In 2005, psychologists Eli Finkel and Paul Eastwick began a research program that would quietly upend one of the most confident claims in the mate preference literature: that people's stated partner preferences are meaningful predictors of whom they actually find attractive.

Prior to their work, much of what we thought we knew about partner preferences came from survey-based methods: ask people what characteristics they want in a romantic partner, compile the results, and treat those results as evidence about human mating psychology. These surveys had generated broadly consistent findings — people said they wanted partners who were physically attractive, kind, and (with gender-moderated variation) financially successful. Evolutionary psychologists cited these results as evidence of universal mate preferences shaped by natural selection.

Finkel and Eastwick took a different approach. Rather than asking people what they want, they created conditions under which people actually chose — and then compared stated preferences to real-world choices.

The Design

Their core paradigm was speed dating: brief structured interactions, typically three to five minutes, between rotating pairs of singles. Participants completed pre-event surveys describing their ideal partner preferences — how important was physical attractiveness? earning potential? humor? emotional stability? After each interaction, participants rated the person they'd just met and indicated whether they wanted to see them again. Follow-up assessments captured longer-term romantic outcomes.

The crucial methodological innovation was this: by comparing pre-event stated preferences to post-event attraction ratings, they could test whether people who said they valued, for instance, physical attractiveness actually showed stronger attraction to physically attractive partners than people who rated attractiveness as less important. This is a direct behavioral test of whether preferences predict choices.

The Key Findings

The results were striking and, to many researchers, surprising. Stated partner preferences showed essentially no correlation with actual romantic interest in specific individuals encountered in the speed-dating context. People who said physical attractiveness was paramount showed no stronger tendency to prefer attractive partners than people who said it mattered less. People who said they wanted an ambitious partner did not show stronger interest in partners who were (objectively rated as) more ambitious.

What did predict romantic interest? Individual difference variables that people rarely listed as explicit preferences: how physically attractive the person was judged to be by a group of raters (though this predicted ratings for everyone, not specifically for people who said they valued attractiveness), and — interestingly — how enthusiastic and energetic the person seemed during the brief interaction.

Why the Design Works

The speed dating paradigm has several features that give its findings higher ecological validity than typical laboratory tasks. Participants are genuine singles who believe they may be meeting real potential partners; the stakes feel real. The interaction, while brief, is dynamic and bilateral — unlike rating a photograph. The outcome measure (desire to see the person again) is a genuine behavioral choice rather than a Likert-scale rating. And the context, while somewhat artificial, bears more resemblance to real social encounters than most laboratory attraction paradigms.

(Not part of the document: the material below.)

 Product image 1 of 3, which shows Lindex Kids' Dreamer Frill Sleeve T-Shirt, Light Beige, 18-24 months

Finkel and Eastwick also used this platform to test the "matching hypothesis" — the idea that people tend to end up with partners of roughly equivalent social desirability. In the speed-dating context, the matching effect largely disappeared: people with high and low desirability showed similar preference patterns in who they wanted to see again; it was only in who wanted to see them that high-desirability individuals differed.

Methodological Limits That Remain

Speed dating is not the real world. The interactions are brief and constrained by format. The settings tend to attract participants who are already relationship-motivated and willing to engage with a somewhat formal structure. Self-selection means speed daters may not represent singles broadly. And three-to-five minute interactions don't capture the processes by which attraction typically develops in ongoing social relationships — through repeated exposure, shared experience, and the gradual discovery of compatibility.

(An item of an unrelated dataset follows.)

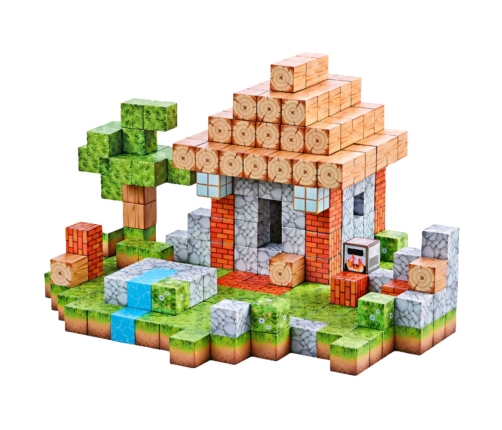 Magnetic Construction Blocks Cubes Square World 3D 312 pcs.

The research also concentrated heavily on heterosexual participants; same-sex speed-dating designs have produced broadly similar findings, but the dataset is much smaller.

Discussion Questions

  1. How does the Finkel-Eastwick finding about stated preferences versus actual choices relate to the methodological distinction between self-report and behavioral measures discussed in Chapter 3? What does it suggest about the limits of preference surveys?
  2. Speed dating is an improvement on many laboratory paradigms but still not the real world. What methodological design could you imagine that would have even higher ecological validity? What would you sacrifice?
  3. The matching hypothesis was tested and found to be weaker in speed-dating contexts than in real relationship formation. What does this suggest about the importance of research context for attraction findings?